GPS1504 submitted a new Article:

Replace Convection with Radiant Heat if You Must Heat Your Coop



> It seems like almost every day there is another chicken coop fire in the news. With good intentions, people try to provide heat for their chickens during winter but so often these good intentions lead to disaster. While there are benefits to adding a heat source, such as keeping water from freezing, there is one huge reason to avoid it, and that reason is fire. Sure, having supplemental lighting will help raise egg production. Having a heat source will save you countless trips back and forth...

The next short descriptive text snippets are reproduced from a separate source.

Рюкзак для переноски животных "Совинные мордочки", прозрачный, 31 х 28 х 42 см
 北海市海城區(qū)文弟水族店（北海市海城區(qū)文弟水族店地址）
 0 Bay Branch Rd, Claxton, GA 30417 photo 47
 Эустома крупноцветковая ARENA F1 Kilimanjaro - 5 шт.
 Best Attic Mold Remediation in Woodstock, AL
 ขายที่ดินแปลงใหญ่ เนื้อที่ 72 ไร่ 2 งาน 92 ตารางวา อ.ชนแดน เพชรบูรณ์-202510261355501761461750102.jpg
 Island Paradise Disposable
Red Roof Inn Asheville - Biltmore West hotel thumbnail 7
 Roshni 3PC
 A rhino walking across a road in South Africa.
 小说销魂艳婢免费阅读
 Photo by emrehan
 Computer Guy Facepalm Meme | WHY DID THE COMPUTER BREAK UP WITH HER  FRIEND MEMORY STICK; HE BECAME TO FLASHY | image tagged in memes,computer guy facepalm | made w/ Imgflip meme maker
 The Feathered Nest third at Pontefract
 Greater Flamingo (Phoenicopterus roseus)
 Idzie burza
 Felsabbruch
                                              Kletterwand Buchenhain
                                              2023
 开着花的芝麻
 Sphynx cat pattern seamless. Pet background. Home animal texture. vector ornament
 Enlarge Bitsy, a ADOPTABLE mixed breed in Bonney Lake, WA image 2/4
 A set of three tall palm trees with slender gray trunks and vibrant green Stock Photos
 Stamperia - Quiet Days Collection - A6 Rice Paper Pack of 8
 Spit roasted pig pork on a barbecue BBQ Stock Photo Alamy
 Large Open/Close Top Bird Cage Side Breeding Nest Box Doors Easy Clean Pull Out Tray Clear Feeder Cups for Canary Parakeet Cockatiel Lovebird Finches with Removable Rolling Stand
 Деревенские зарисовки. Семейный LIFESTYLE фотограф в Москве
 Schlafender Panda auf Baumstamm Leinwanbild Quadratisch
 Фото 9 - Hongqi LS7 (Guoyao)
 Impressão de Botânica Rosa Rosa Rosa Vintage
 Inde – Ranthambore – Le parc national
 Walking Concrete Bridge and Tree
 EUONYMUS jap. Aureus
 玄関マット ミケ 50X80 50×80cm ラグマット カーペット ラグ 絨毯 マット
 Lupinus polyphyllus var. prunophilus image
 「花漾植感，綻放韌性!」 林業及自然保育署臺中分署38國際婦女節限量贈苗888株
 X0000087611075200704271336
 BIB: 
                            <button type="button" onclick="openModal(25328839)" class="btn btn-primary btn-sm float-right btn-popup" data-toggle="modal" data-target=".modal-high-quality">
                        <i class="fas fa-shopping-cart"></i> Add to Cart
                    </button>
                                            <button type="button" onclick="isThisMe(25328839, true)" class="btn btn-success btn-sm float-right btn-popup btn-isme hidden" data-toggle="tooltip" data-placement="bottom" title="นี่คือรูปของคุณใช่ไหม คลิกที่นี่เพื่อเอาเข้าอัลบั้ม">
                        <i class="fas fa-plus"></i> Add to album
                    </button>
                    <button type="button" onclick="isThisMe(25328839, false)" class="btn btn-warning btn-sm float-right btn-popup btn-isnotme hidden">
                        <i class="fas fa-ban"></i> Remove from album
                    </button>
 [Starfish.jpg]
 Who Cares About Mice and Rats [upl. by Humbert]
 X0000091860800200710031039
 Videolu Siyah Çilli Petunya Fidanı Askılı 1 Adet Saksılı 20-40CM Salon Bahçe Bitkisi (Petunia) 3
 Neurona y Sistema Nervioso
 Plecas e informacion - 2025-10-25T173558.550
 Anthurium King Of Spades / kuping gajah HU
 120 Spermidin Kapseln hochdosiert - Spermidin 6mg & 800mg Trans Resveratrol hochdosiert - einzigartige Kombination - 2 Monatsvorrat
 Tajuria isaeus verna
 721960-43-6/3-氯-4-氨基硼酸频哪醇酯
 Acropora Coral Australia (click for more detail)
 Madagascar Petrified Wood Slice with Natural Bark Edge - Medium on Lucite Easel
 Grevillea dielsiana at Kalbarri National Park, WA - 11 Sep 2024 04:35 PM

Read more about this article here...


----------



## mogirl (Oct 26, 2012)

I've had an oil-filled radiator plugged in all winter and it works great.


----------



## ajdat6ppw (Sep 23, 2012)

All I did is get a low voltage flood light put their water bowel 18 inches below it.It kept the water from freezing and kept their area about 40 degrees.worked out great but when you go in and check for eggs bring a dry towel with you to keep the bulb clean.


----------



## ajdat6ppw (Sep 23, 2012)

Another thing you may want to do is put a window in to let the morning sun go into your coop.set it up so the window is only 2 feet high and 4 feet wide put it 8 inches bellow your roof.It will keep their coop warm in the day time


----------



## angelom1224 (Nov 27, 2012)

I use a 100 watt ceramic heat emitter like what is typically used for aquariums. They radiate heat and don't create hot spots. They come in different wattages and are much safer to use. My coops are wired for electric so they are screwed into stable outlets so no chance of falling or coming loose. They ars connected to thermostatic controlled plugs and only come on when cold enough and shut off automatically when it warms up so no chance of overheating. I only heat to 10 degrees in the coops so it does not get cozy warm but warm enough for them. I highly recommend the ceramic heat emitter. You can find them on ebay or amazon.


----------